# SPDX-License-Identifier: AGPL-3.0-only
# Copyright (C) 2026 SWGY, Inc.
"""State-permutation alignment via the Hungarian algorithm.
Latent state indices in a fitted IO-HMM are arbitrary up to permutation.
To compare a fit to the truth (or to another fit) we need to align the
``K!`` possible labelings — solving the assignment problem on the
``K x K`` co-occurrence (confusion) matrix.
"""
from __future__ import annotations
import numpy as np
from scipy.optimize import linear_sum_assignment
from iohmm_evac.types import IntArray
__all__ = ["align_states", "apply_permutation"]
def align_states(true_states: IntArray, fit_states: IntArray, k: int) -> IntArray:
"""Return a permutation ``perm`` of length ``K``.
``perm[fit_label]`` gives the canonical (true) label that ``fit_label``
should be relabeled to.
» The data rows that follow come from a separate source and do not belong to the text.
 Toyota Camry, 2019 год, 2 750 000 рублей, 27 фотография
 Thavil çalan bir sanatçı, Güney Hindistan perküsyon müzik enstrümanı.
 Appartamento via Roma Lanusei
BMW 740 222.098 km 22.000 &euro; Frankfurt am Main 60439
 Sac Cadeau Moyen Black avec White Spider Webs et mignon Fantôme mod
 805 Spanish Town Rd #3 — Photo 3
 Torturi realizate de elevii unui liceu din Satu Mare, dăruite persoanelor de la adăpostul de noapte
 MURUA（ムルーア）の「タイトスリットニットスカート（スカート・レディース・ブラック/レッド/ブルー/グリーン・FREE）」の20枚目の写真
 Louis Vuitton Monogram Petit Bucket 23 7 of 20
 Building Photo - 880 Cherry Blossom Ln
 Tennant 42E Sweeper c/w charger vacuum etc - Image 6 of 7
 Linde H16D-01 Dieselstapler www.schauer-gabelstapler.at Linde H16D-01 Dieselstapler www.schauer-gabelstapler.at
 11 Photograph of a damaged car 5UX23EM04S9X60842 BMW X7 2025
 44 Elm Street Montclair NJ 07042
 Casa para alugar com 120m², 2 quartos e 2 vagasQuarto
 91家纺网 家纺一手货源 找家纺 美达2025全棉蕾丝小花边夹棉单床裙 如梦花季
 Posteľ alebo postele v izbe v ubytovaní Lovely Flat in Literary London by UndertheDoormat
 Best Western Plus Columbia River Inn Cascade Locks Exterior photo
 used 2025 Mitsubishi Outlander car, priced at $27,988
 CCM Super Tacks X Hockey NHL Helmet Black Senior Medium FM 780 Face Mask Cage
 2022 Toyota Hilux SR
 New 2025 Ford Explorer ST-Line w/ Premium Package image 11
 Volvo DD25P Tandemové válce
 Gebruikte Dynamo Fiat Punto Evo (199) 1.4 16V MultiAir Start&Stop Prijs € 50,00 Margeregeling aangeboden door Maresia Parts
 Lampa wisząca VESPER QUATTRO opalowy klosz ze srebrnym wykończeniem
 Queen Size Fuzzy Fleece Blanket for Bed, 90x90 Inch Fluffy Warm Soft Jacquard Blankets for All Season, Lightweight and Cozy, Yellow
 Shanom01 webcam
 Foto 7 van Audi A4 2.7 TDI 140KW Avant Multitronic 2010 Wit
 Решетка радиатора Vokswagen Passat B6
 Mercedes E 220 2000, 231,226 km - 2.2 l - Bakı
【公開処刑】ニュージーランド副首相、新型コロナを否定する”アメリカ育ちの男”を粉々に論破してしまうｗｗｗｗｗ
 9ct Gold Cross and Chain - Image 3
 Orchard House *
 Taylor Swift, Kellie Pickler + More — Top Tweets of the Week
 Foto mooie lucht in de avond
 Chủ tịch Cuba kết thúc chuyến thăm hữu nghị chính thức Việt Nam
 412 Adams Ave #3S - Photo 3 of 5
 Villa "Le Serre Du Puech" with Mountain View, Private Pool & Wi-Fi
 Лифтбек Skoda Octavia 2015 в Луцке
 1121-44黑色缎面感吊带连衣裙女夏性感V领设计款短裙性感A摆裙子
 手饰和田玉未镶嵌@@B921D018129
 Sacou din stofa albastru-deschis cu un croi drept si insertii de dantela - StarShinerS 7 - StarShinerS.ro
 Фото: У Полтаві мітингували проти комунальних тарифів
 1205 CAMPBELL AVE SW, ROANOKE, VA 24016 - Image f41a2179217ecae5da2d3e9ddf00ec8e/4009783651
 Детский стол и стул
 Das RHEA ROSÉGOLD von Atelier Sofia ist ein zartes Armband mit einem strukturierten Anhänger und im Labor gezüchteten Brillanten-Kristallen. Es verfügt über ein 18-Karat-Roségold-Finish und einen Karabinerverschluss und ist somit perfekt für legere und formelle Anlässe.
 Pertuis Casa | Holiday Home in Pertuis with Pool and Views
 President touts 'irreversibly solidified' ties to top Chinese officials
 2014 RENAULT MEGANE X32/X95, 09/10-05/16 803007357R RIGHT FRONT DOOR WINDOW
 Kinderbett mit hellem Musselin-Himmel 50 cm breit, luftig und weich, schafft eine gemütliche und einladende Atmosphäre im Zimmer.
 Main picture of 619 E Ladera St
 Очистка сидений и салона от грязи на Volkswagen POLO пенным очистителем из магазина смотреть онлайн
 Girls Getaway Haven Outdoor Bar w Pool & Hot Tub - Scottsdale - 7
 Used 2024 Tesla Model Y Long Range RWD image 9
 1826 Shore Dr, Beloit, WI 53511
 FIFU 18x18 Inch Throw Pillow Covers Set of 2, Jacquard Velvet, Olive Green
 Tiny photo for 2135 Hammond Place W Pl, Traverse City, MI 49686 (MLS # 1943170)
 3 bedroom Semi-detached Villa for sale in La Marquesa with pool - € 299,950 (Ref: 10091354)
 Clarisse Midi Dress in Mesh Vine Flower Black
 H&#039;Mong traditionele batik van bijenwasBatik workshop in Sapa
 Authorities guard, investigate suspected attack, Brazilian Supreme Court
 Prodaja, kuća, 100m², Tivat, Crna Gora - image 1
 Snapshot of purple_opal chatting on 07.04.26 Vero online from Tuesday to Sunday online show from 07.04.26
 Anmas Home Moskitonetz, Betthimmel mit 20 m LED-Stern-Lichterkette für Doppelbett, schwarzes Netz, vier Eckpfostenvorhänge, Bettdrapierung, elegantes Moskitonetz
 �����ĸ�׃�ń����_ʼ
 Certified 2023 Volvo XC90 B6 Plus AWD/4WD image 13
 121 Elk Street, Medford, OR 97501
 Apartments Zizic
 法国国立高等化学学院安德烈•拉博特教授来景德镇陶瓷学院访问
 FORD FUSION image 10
Solves a Hungarian assignment that maximizes
the total mass on the diagonal of the confusion matrix.
"""
if true_states.shape != fit_states.shape:
msg = f"shape mismatch: true {true_states.shape} vs fit {fit_states.shape}"
raise ValueError(msg)
confusion = np.zeros((k, k), dtype=np.int64)
np.add.at(confusion, (true_states.ravel(), fit_states.ravel()), 1)
# Hungarian minimizes cost; we want to maximize matches, so negate.
row_ind, col_ind = linear_sum_assignment(-confusion)
# row_ind is sorted true labels; col_ind[i] is the fit label assigned to true label row_ind[i].
perm = np.empty(k, dtype=np.int64)
for true_label, fit_label in zip(row_ind, col_ind, strict=True):
perm[int(fit_label)] = int(true_label)
return perm
def apply_permutation(states: IntArray, perm: IntArray) -> IntArray:
"""Relabel ``states`` according to ``perm``: ``out[t] = perm[states[t]]``."""
return np.asarray(perm[states], dtype=np.int64)